= Beginning of Section =

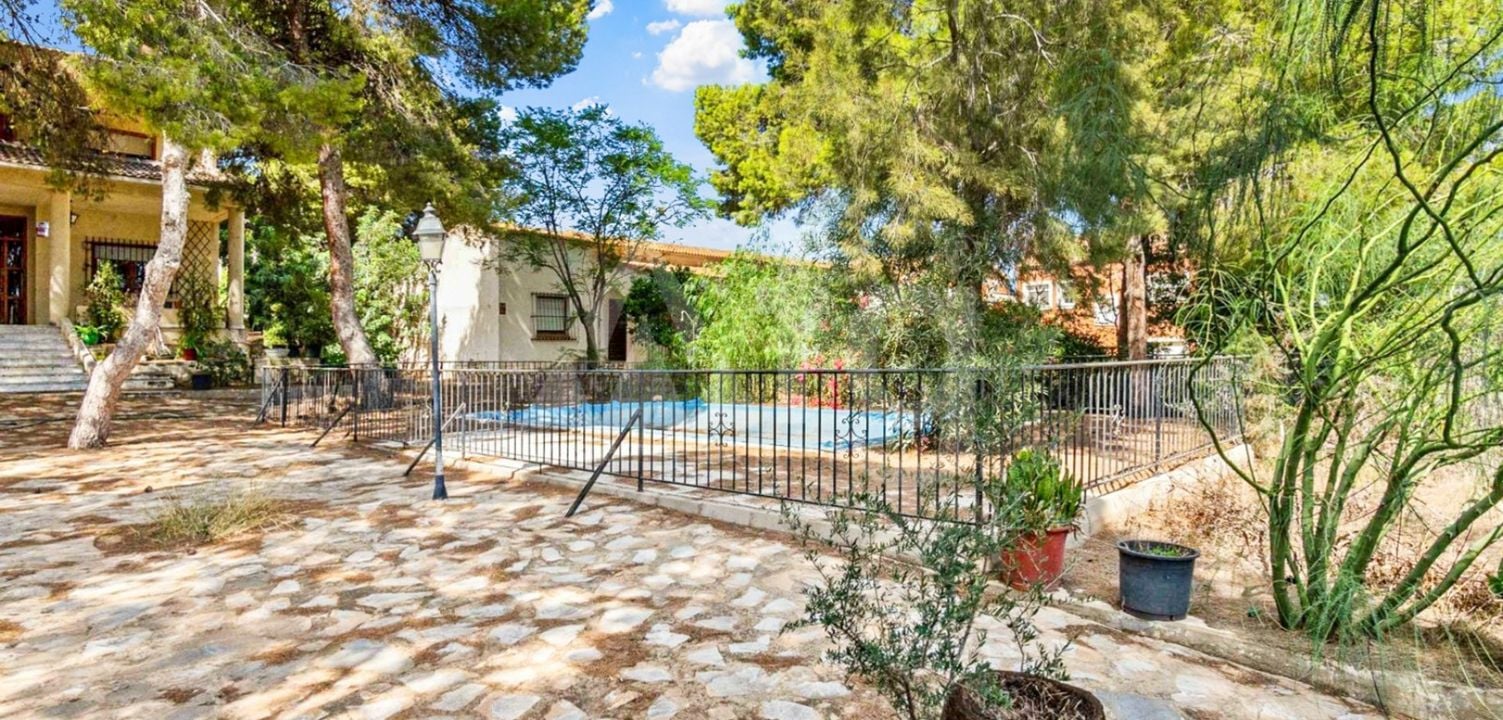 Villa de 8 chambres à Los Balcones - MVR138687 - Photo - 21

= End of Section =
= Beginning of Section =

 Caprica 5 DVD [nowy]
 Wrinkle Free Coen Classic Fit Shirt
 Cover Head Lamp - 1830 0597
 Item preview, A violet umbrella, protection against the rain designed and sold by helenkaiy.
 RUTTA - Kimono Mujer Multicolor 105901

= End of Section =

• **What is needed**:
Looking at the data above, write out exactly the lines that start at the one containing "Item preview, A" and end at the one containing "RUTTA - Kimono Mujer Multicolor 105901"; include both and nothing beyond.

• **Exercise solution**:
 Item preview, A violet umbrella, protection against the rain designed and sold by helenkaiy.
 RUTTA - Kimono Mujer Multicolor 105901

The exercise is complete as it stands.